AVAILABLE DATA Block Start

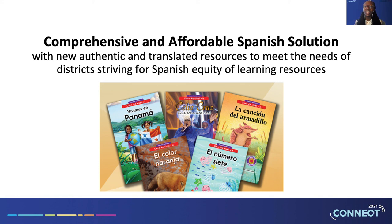Something else that's critical to us is meeting the needs of all students. We know that the need for equity of instruction for students who speak Spanish as their first language has grown. We also know that when students build literacy skills in their first language, they also build their literacy skills in English. So to support our students, we're creating a comprehensive and affordable Spanish solution as an add-on to our RAS Plus program. This add-on will feature a wealth of authentic Spanish resources and translated resources to meet the needs of bilingual students, ELL students, and students in dual language programs.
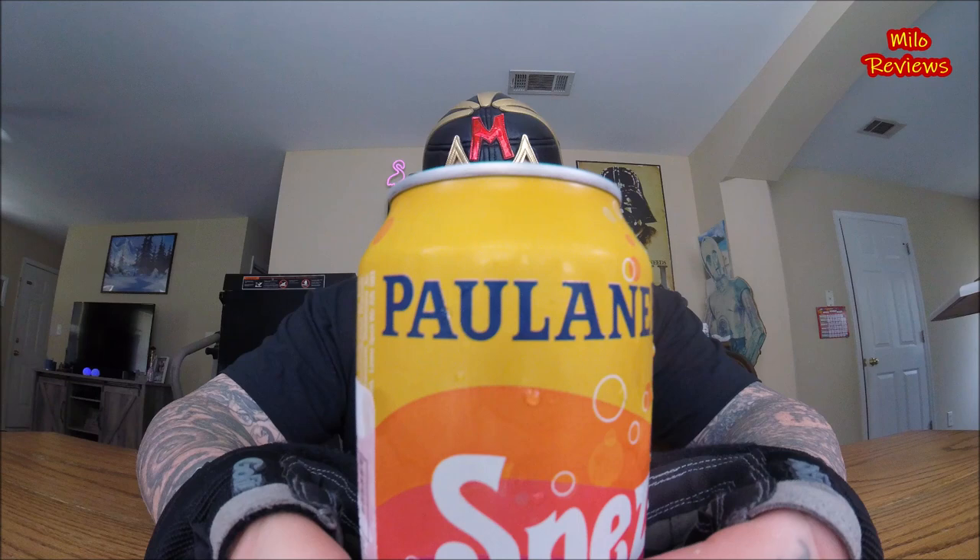I found this at the World Market Store. I'm gonna do my best on trying to pronounce this, because I believe I found this in the German section. This is... Poliner... Bezzy... Alright. Let's just take a look at how big of an idiot I am by not being able to pronounce this.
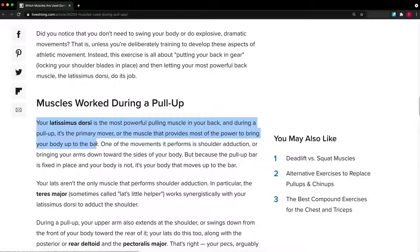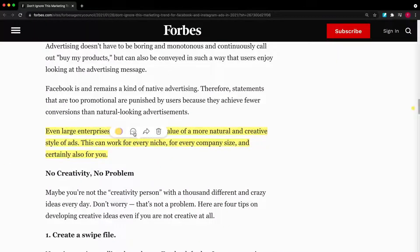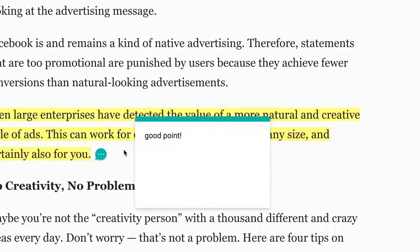With Liner, you can highlight on any web page like you do on a book, and leave your thoughts as a comment. The information will stay with you much longer.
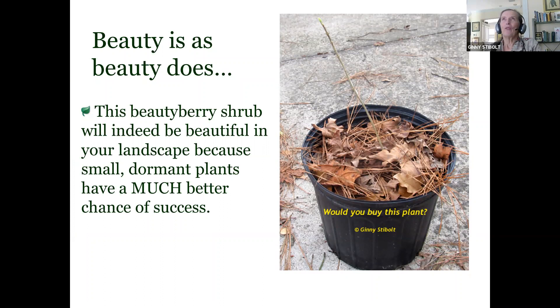Sort of the opposite of what we're offered in big box stores — the ideal time to plant a tree or shrub is when it's dormant. This is a beautyberry that looks like a stick, and this is actually an excellent time to plant it because it will have a much higher success rate since it's not supporting leaves right now. But you do have to plan ahead, because that beautyberry could be like 12 feet across with arching branches — so don't plant it on the edge of a sidewalk.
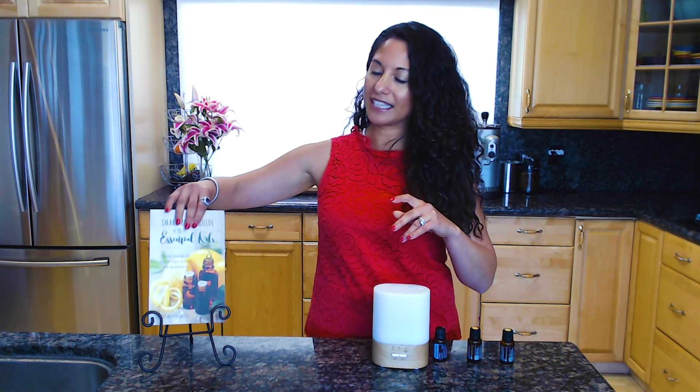I've got tons of recipes in the book depending on what you're trying to achieve with your diffuser. I hope you found this video super helpful and I hope that you get started with essential oils easily with just a couple of oils and your diffuser.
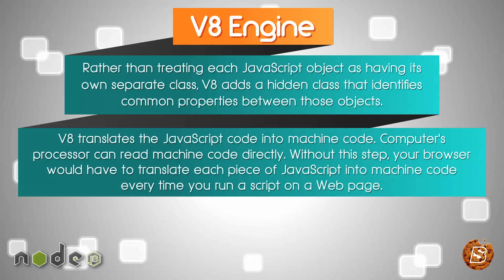V8 translates the JavaScript code into machine code. A computer's processor can read machine code directly. Without this step, your browser would have to translate each piece of JavaScript into machine code every time you run a script on a web page.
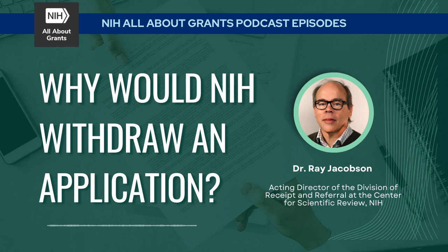Thank you very much, Ray. Before we go, any final thoughts? I'd like to end by saying we don't withdraw applications lightly at all. Before that action is taken, DRR staff have typically tried to explore every option. If something came in to a funding opportunity where an institute isn't actually a signatory, we will try to find another notice of funding opportunity the application might fit instead. We do quite a bit to try to avoid withdrawing an application, because our primary intent is to get applications to review.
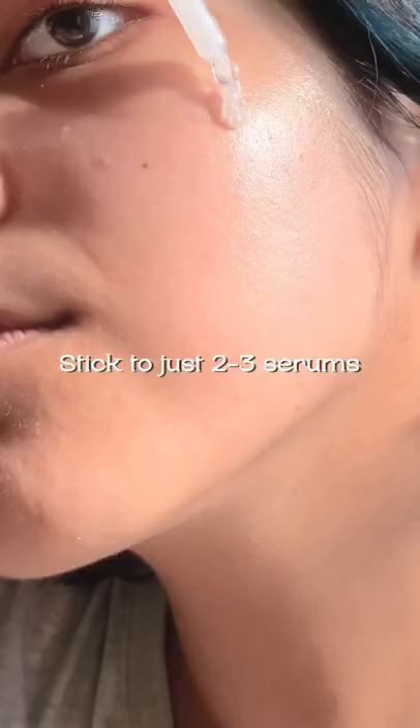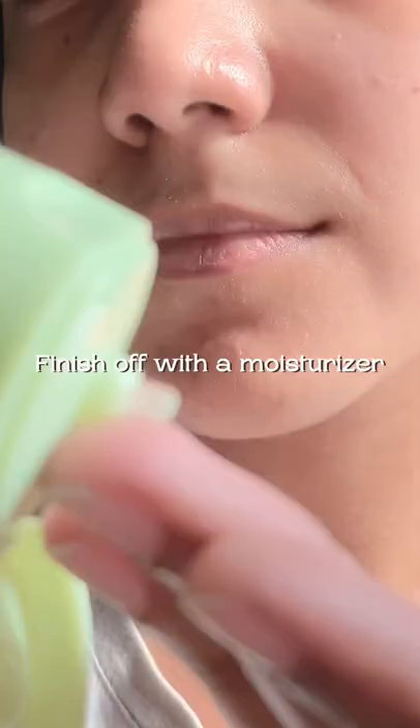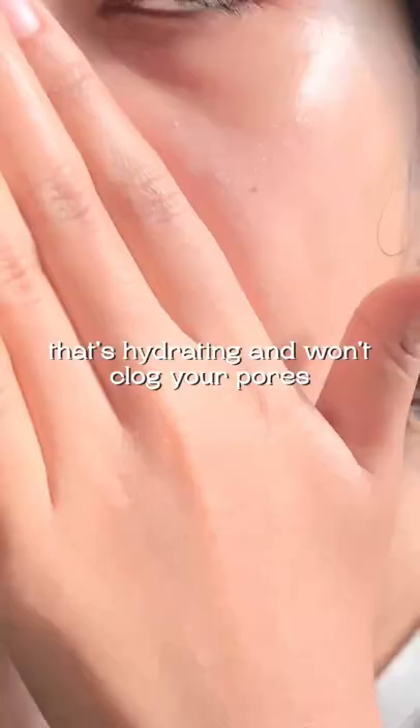Stick to just two or three serums. If you're dealing with acne, salicylic acid and niacinamide are great options to start with. Finish off with a moisturizer that's hydrating and won't clog your pores.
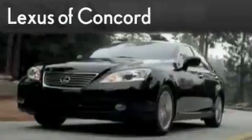Another fine vehicle offered by Lexus of Concord. Live the luxury of LexusofConcord.com.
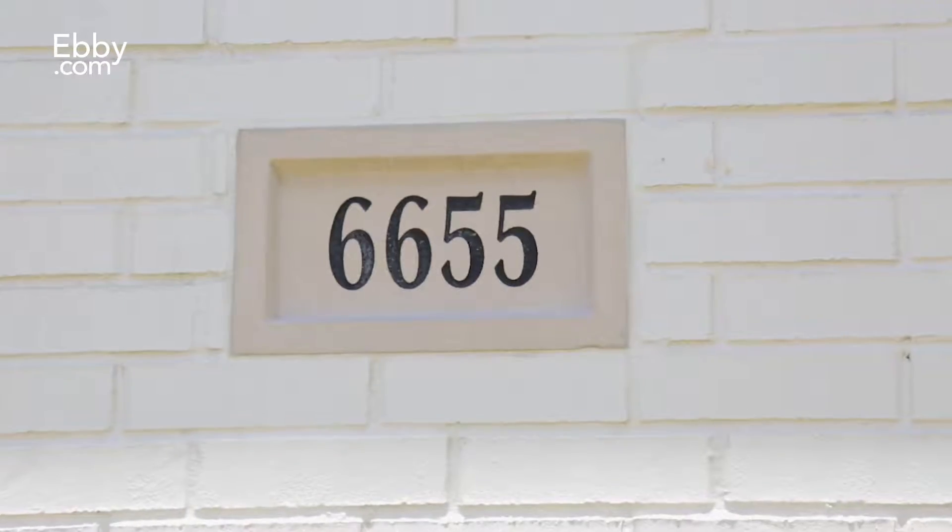Hi, welcome. I'm Julie Lewis with Ebby's Preston and Plano Parkway office. Thank you so much for coming by to see my listing here at 6655 Green Knoll in North Dallas. Come on in and let me show you around.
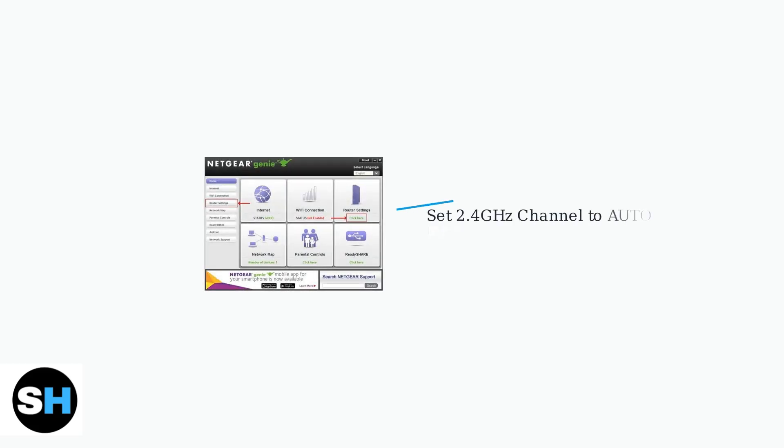Ring cameras typically work on 2.4 GHz, though newer models support 5 GHz. The 2.4 GHz band has longer range but slower speeds. In your router settings, set the 2.4 GHz channel to Auto, which allows the router to automatically select the best channel with less interference.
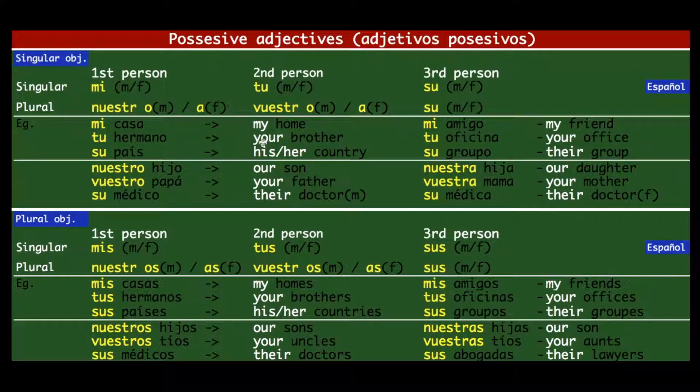More examples: 'tu hermano' means 'your brother,' 'tu oficina' means 'your office,' 'su país' means 'his or her country,' 'su grupo' means 'their group.' For plural subjects: 'nuestro hijo' means 'our son,' 'nuestra hija' means 'our daughter.' 'Vuestro papá' — the object is masculine so we use 'vuestro'; 'vuestra mamá' — mother is feminine so we use 'vuestra.' 'Su médico' means 'his or their doctor,' and 'su médica' is the feminine form.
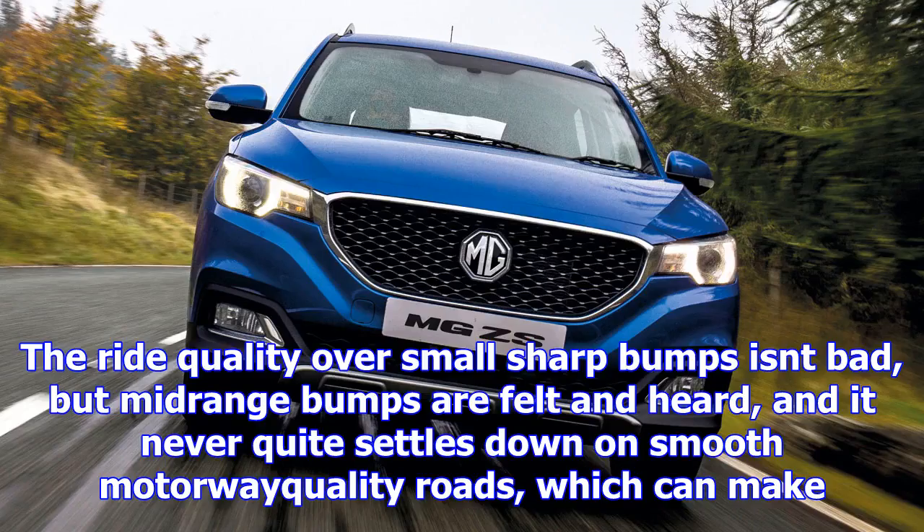The ride quality over small sharp bumps isn't bad, but mid-range bumps are felt and heard, and it never quite settles down on smooth motorway quality roads, which can make it a bit tiring for long distances.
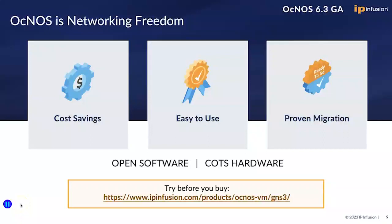Aknas is all about networking freedom. You can test drive Aknas for free by using the download link given here. Are you ready for network disaggregation? Contact and join us.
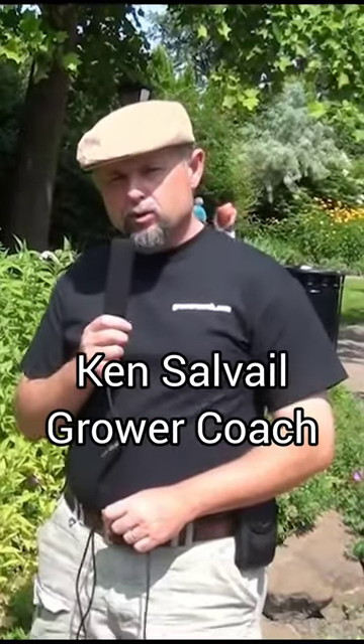Hi, this is Ken Salvo from growercoach.com. We're just looking at some perennial plants here today. This particular plant can be a little bit weedy, but it is a nice plant and it does often make a nice cut flower.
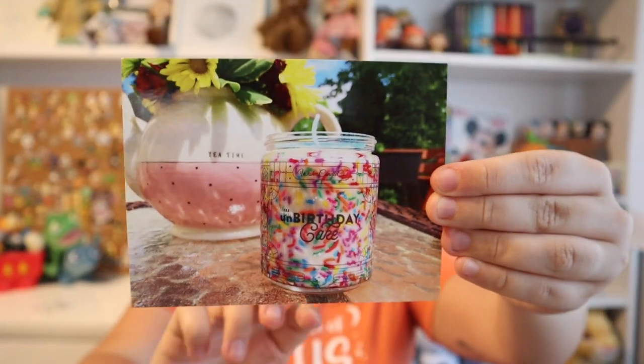Here is the Wishes card that you get — it's a birthday card — and it says thank you. It also has some helpful tips for your order, the do's and don'ts of burning it, all the safety features. And now here's the fun stuff — I got six candles, so I'm just going to start grabbing them and smelling them.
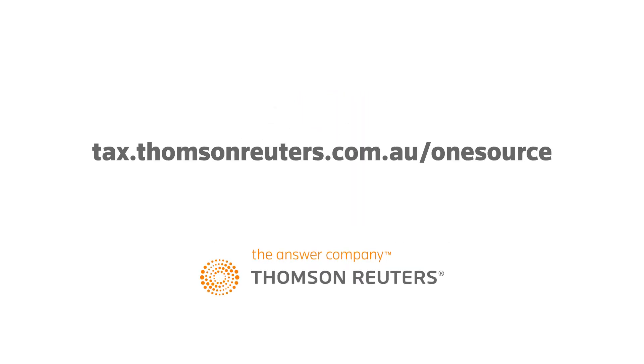Visit tax.thomsonreuters.com.au for more information.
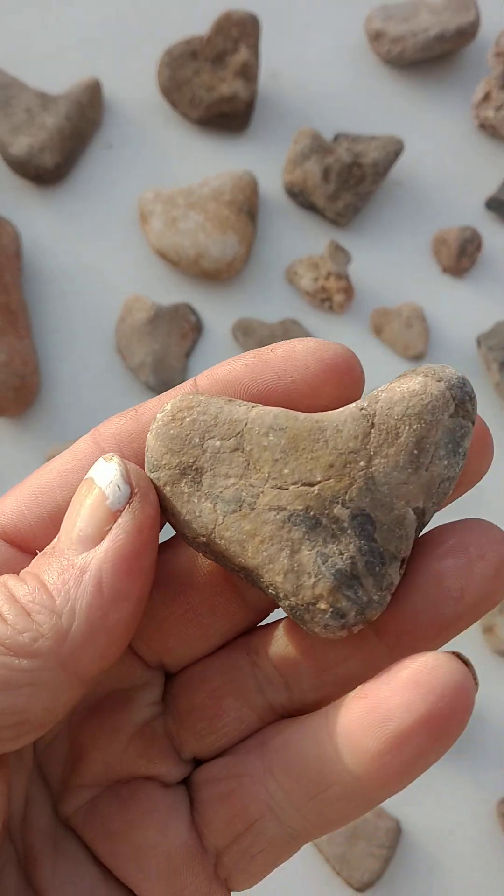Anyway, I just thought I'd come on and show you my heart collection. That's not all of them either. But I will see you next time — tomorrow — for the odd shapes I have found. Have a wonderful rest of your day, and I'll talk to you tomorrow. Bye.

AVAILABLE DATA Block End

WHAT YOU HAVE TO DO: Look above for the line with "Thank you very", then print it and each line after it down to and including the line with "The ride quality". Leave out the pictures and keep the wording exact.

RESULT OF THIS TASK:
Thank you very much, Ray. Before we go, any final thoughts? I'd like to end by saying we don't withdraw applications lightly at all. Before that action is taken, DRR staff have typically tried to explore every option. If something came in to a funding opportunity where an institute isn't actually a signatory, we will try to find another notice of funding opportunity the application might fit instead. We do quite a bit to try to avoid withdrawing an application, because our primary intent is to get applications to review.
Stick to just two or three serums. If you're dealing with acne, salicylic acid and niacinamide are great options to start with. Finish off with a moisturizer that's hydrating and won't clog your pores.
Another fine vehicle offered by Lexus of Concord. Live the luxury of LexusofConcord.com.
Hi, welcome. I'm Julie Lewis with Ebby's Preston and Plano Parkway office. Thank you so much for coming by to see my listing here at 6655 Green Knoll in North Dallas. Come on in and let me show you around.
Ring cameras typically work on 2.4 GHz, though newer models support 5 GHz. The 2.4 GHz band has longer range but slower speeds. In your router settings, set the 2.4 GHz channel to Auto, which allows the router to automatically select the best channel with less interference.
More examples: 'tu hermano' means 'your brother,' 'tu oficina' means 'your office,' 'su país' means 'his or her country,' 'su grupo' means 'their group.' For plural subjects: 'nuestro hijo' means 'our son,' 'nuestra hija' means 'our daughter.' 'Vuestro papá' — the object is masculine so we use 'vuestro'; 'vuestra mamá' — mother is feminine so we use 'vuestra.' 'Su médico' means 'his or their doctor,' and 'su médica' is the feminine form.
The ride quality over small sharp bumps isn't bad, but mid-range bumps are felt and heard, and it never quite settles down on smooth motorway quality roads, which can make it a bit tiring for long distances.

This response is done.